Note that the notional entitlement set-off will not cover the one month by which the claimant will be able to backdate their new claim. Normally HMRC will grant the one month's backdating automatically, but if that doesn’t happen, they will need to ask for it.
On the whole HMRC policy is to be lenient and not charge a penalty where the failure to report has resulted from a mistake or misunderstanding. If HMRC think the claimant has been negligent in not reporting, and they are left with a net overpayment even after notional entitlement has been applied, they may be charged a penalty against which they can appeal.
If the failure to report is dishonest, the penalty may well be substantial and in extreme cases (deliberate or repeated errors) notional entitlement will not be given.
Some people will be paying back two overpayments, one via ongoing recovery and another via direct recovery. This often happens where there is an overpayment on an old claim, and a new overpayment on a current claim. Since August 2009, HMRC have implemented a new policy which means that any direct recovery action should be suspended until the ongoing recovery ends.
Whilst we welcome this policy, HMRC are not proactive in telling claimants about it. If this applies, you should ask Debt Management and Banking to suspend the direct recovery action. Further details can be found in the HMRC intermediaries guide and in the Debt Management Banking Manual Online.
HMRC have produced some information for cases involving claimants with mental health issues. The following is reproduced from the intermediaries guidance:
HMRC will deal with mental health cases carefully and sympathetically to avoid distress to the customer.
HMRC will need a letter from a health care professional or mental health social worker explaining the mental health problem to enable it to deal with these cases. The evidence should include the nature of the illness and as far as possible, whether the illness is likely to be long-term (for example, schizophrenia) or where the prospects for recovery are expected to be good.
If the information has not been provided HMRC will need to write to the claimant or third party asking for the documentary evidence. Only in exceptional circumstances will the evidence received be insufficient to relieve the claimant from responsibility for payment.
If the mental health problems existed at the time the overpayment occurred then Benefits and Credits can consider whether exceptional circumstances are such that writing off the overpayment is appropriate.
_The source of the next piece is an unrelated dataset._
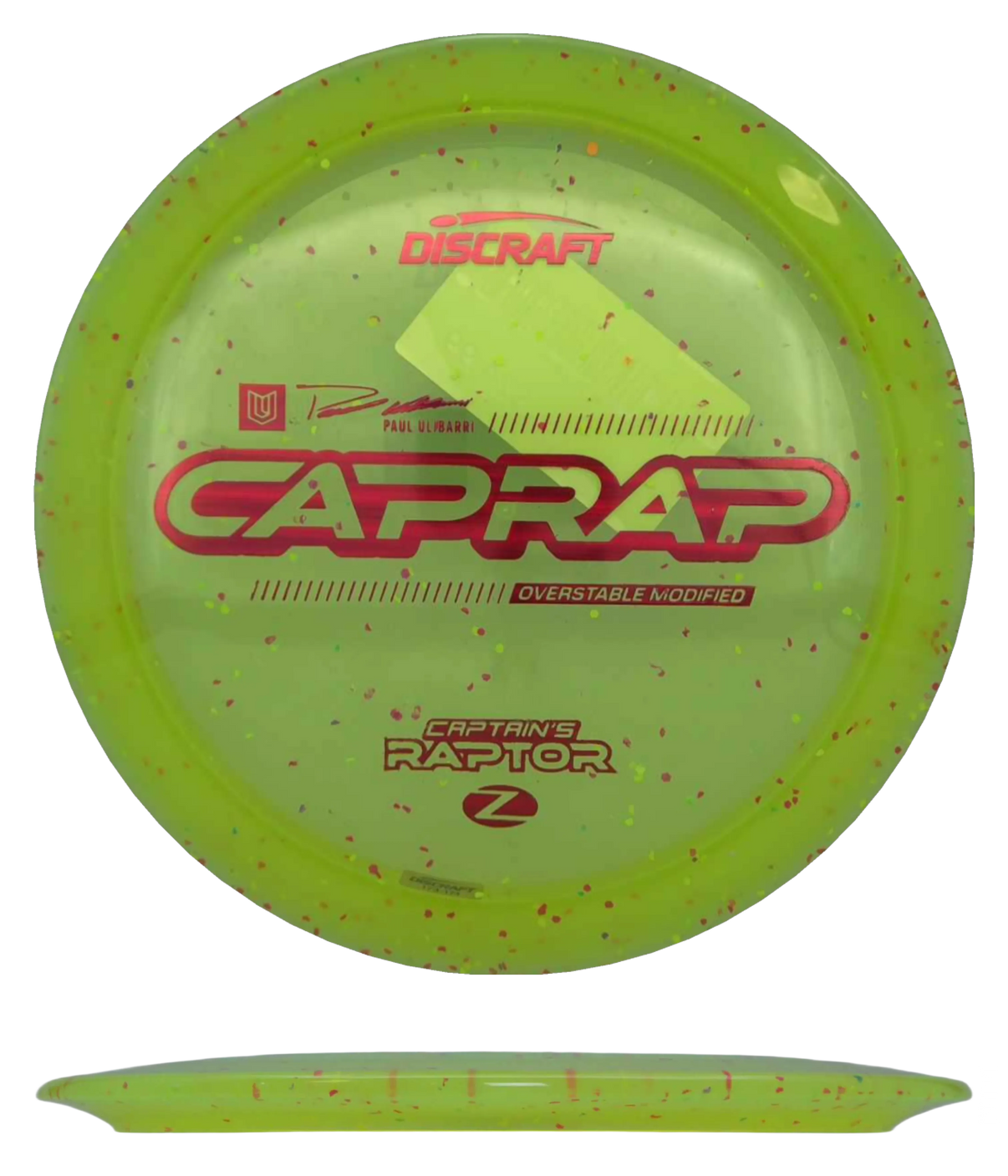 Discraft Captain's Raptor - Z Sparkle / 173-74g - Chartreuse (Red Chrome) - Skyline Disc Golf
If the mental health problems exist at the time the overpayment is being recovered then DMB will review the circumstances:
- For sole debts HMRC will write to the third party and the customer to let them know that it will not continue with recovery of the overpayment.
- For joint debts HMRC will continue with recovery from the other partner in line with the section above.
- For Household Breakdown cases HMRC will write to the customer to advise them that it will not continue with recovery of their share of the debt. However, HMRC will pursue the ex-partner for their share of the debt (more information is available at section 3).
Further guidance for cases involving claimants with mental health issues can be found in the tax credit section of the DMB manual. Further information about the manual can be found in section 5.1.
In exceptional circumstances, for example where a claimant is seriously ill or a close family member is ill, a request can be made to HMRC to suspend recovery of the overpayment until such time as the claimant is able to discuss their financial situation fully with HMRC. Claimants or their advisers should phone the debt management telephone centre (0845 3661206)to explain the situation if this applies.